(Brief descriptive captions)
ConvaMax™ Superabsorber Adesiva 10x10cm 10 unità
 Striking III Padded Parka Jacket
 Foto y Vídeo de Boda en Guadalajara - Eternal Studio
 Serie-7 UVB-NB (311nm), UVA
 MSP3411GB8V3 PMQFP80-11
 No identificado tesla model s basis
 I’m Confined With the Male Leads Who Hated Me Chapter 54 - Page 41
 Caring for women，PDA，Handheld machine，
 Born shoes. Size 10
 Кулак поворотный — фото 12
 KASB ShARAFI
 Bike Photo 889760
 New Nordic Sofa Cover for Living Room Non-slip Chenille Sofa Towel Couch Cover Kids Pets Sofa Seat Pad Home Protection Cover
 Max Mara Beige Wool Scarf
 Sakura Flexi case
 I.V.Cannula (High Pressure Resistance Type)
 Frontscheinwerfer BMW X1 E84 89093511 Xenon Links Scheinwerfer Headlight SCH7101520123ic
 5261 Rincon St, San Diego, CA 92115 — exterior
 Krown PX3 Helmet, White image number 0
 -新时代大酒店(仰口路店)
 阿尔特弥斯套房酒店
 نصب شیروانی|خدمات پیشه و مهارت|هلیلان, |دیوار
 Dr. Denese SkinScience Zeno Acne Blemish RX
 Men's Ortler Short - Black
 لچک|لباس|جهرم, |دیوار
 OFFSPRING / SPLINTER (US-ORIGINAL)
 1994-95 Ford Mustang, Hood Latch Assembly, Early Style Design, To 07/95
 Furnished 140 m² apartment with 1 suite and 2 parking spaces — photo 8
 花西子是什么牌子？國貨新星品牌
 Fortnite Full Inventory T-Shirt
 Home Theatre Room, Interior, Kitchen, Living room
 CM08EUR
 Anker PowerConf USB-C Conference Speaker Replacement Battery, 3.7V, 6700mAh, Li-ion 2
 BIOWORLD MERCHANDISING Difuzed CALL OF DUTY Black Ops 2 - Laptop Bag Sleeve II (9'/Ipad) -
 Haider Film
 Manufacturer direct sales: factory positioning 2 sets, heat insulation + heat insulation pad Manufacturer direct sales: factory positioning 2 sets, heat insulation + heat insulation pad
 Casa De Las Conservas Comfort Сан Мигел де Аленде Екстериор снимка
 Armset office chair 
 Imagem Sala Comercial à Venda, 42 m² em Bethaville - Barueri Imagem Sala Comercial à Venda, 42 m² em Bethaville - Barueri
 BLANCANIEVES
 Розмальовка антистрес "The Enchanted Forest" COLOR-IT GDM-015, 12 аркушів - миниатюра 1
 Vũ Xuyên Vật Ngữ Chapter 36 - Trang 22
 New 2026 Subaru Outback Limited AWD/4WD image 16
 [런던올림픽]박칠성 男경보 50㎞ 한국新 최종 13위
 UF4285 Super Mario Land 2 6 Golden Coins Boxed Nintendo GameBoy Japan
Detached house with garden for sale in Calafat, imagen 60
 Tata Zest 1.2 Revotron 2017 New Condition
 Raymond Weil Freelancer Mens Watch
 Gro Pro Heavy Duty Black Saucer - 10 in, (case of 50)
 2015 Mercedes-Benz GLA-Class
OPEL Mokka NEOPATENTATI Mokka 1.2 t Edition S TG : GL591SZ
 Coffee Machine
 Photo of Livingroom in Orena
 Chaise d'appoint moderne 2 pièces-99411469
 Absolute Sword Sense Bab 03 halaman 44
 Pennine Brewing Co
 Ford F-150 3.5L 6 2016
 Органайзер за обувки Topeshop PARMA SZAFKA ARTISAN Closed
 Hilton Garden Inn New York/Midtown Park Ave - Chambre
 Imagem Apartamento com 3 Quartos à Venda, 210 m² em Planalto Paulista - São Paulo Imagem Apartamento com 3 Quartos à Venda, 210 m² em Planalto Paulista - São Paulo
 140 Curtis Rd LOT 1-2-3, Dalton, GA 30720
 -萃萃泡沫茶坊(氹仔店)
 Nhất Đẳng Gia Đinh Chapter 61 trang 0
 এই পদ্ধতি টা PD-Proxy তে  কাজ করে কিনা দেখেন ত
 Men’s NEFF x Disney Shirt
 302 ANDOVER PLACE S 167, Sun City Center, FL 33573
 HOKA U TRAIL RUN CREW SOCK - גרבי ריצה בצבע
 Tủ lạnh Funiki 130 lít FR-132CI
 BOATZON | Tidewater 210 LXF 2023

• [ABOUT THIS TASK] Copy out the records in full, matching every line character for character.

• [EXPECTED ANSWER]
ConvaMax™ Superabsorber Adesiva 10x10cm 10 unità
 Striking III Padded Parka Jacket
 Foto y Vídeo de Boda en Guadalajara - Eternal Studio
 Serie-7 UVB-NB (311nm), UVA
 MSP3411GB8V3 PMQFP80-11
 No identificado tesla model s basis
 I’m Confined With the Male Leads Who Hated Me Chapter 54 - Page 41
 Caring for women，PDA，Handheld machine，
 Born shoes. Size 10
 Кулак поворотный — фото 12
 KASB ShARAFI
 Bike Photo 889760
 New Nordic Sofa Cover for Living Room Non-slip Chenille Sofa Towel Couch Cover Kids Pets Sofa Seat Pad Home Protection Cover
 Max Mara Beige Wool Scarf
 Sakura Flexi case
 I.V.Cannula (High Pressure Resistance Type)
 Frontscheinwerfer BMW X1 E84 89093511 Xenon Links Scheinwerfer Headlight SCH7101520123ic
 5261 Rincon St, San Diego, CA 92115 — exterior
 Krown PX3 Helmet, White image number 0
 -新时代大酒店(仰口路店)
 阿尔特弥斯套房酒店
 نصب شیروانی|خدمات پیشه و مهارت|هلیلان, |دیوار
 Dr. Denese SkinScience Zeno Acne Blemish RX
 Men's Ortler Short - Black
 لچک|لباس|جهرم, |دیوار
 OFFSPRING / SPLINTER (US-ORIGINAL)
 1994-95 Ford Mustang, Hood Latch Assembly, Early Style Design, To 07/95
 Furnished 140 m² apartment with 1 suite and 2 parking spaces — photo 8
 花西子是什么牌子？國貨新星品牌
 Fortnite Full Inventory T-Shirt
 Home Theatre Room, Interior, Kitchen, Living room
 CM08EUR
 Anker PowerConf USB-C Conference Speaker Replacement Battery, 3.7V, 6700mAh, Li-ion 2
 BIOWORLD MERCHANDISING Difuzed CALL OF DUTY Black Ops 2 - Laptop Bag Sleeve II (9'/Ipad) -
 Haider Film
 Manufacturer direct sales: factory positioning 2 sets, heat insulation + heat insulation pad Manufacturer direct sales: factory positioning 2 sets, heat insulation + heat insulation pad
 Casa De Las Conservas Comfort Сан Мигел де Аленде Екстериор снимка
 Armset office chair 
 Imagem Sala Comercial à Venda, 42 m² em Bethaville - Barueri Imagem Sala Comercial à Venda, 42 m² em Bethaville - Barueri
 BLANCANIEVES
 Розмальовка антистрес "The Enchanted Forest" COLOR-IT GDM-015, 12 аркушів - миниатюра 1
 Vũ Xuyên Vật Ngữ Chapter 36 - Trang 22
 New 2026 Subaru Outback Limited AWD/4WD image 16
 [런던올림픽]박칠성 男경보 50㎞ 한국新 최종 13위
 UF4285 Super Mario Land 2 6 Golden Coins Boxed Nintendo GameBoy Japan
Detached house with garden for sale in Calafat, imagen 60
 Tata Zest 1.2 Revotron 2017 New Condition
 Raymond Weil Freelancer Mens Watch
 Gro Pro Heavy Duty Black Saucer - 10 in, (case of 50)
 2015 Mercedes-Benz GLA-Class
OPEL Mokka NEOPATENTATI Mokka 1.2 t Edition S TG : GL591SZ
 Coffee Machine
 Photo of Livingroom in Orena
 Chaise d'appoint moderne 2 pièces-99411469
 Absolute Sword Sense Bab 03 halaman 44
 Pennine Brewing Co
 Ford F-150 3.5L 6 2016
 Органайзер за обувки Topeshop PARMA SZAFKA ARTISAN Closed
 Hilton Garden Inn New York/Midtown Park Ave - Chambre
 Imagem Apartamento com 3 Quartos à Venda, 210 m² em Planalto Paulista - São Paulo Imagem Apartamento com 3 Quartos à Venda, 210 m² em Planalto Paulista - São Paulo
 140 Curtis Rd LOT 1-2-3, Dalton, GA 30720
 -萃萃泡沫茶坊(氹仔店)
 Nhất Đẳng Gia Đinh Chapter 61 trang 0
 এই পদ্ধতি টা PD-Proxy তে  কাজ করে কিনা দেখেন ত
 Men’s NEFF x Disney Shirt
 302 ANDOVER PLACE S 167, Sun City Center, FL 33573
 HOKA U TRAIL RUN CREW SOCK - גרבי ריצה בצבע
 Tủ lạnh Funiki 130 lít FR-132CI
 BOATZON | Tidewater 210 LXF 2023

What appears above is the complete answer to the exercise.